徒然草「高名の木登りといひしをのこ・・・」

7月3日(火)のサッカーワールドカップののベルギー戦は 多くの日本人が熱狂的に観たと思いますが、私もその一人です。二点先行で 同点にされ、ロスタイム12秒に逆転されて、思わず天を仰ぎました。

試合後のインタビューで西野朗監督が「何が足らないのでしょうか」とうめくように発した言葉が印象的でした。

私の脳裏に咄嗟に浮かんだのが、徒然草「高名の木登りといひしをのこ・・・」です。

この徒然草の一節は 中学3年生の国語の時間に教えて貰ったものですが、妙にこの部分だけは鮮明に覚えていて、非常時にも 作品を書く詰めの時も「高名の木登りといひしをのこ<男>・・・」と唱えながら大事な場面で 対応している自分がいます。
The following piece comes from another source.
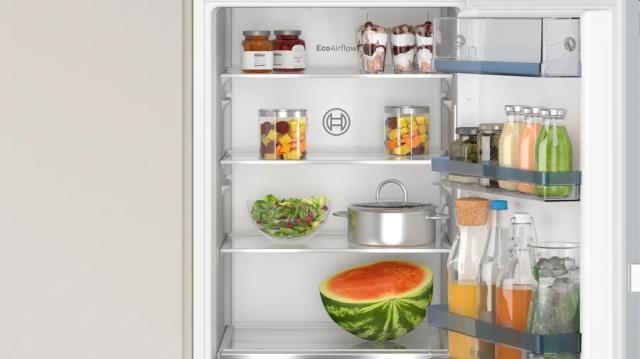 Хладилник Bosch KIR31VFE0 SER4 BI fridge, 102.1 x 54.1 x 54.8 cm, 165 l, 35 dB,  MultiBox XXL, EcoAirflow, LED lighting, SuperCooling, Energy Efficiency: E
原文は文語体ですから、解りにくいですが、木登り名人が 人を指図して、てっぺんの枝を伐る作業をしているのですが、高い危ない所では 何も言わず、下の方に降りて来てから「気を付けろ」と注意する。

吉田兼好が「なぜか?」と問うている場面です。

 

少年時代の私達子供は 屋敷の大木に登って遊んでいました。この部分を自分流に解釈して「足が届きそうな位置にきても、確実に足が地面に着いてから手を放す」ことを学びました。

「最後の最後まで 神経の糸を張り、あらゆる場面を想定して一段落するまで手を抜かない」子供の時から現代まで一貫して持ち続けている私の金科玉条です。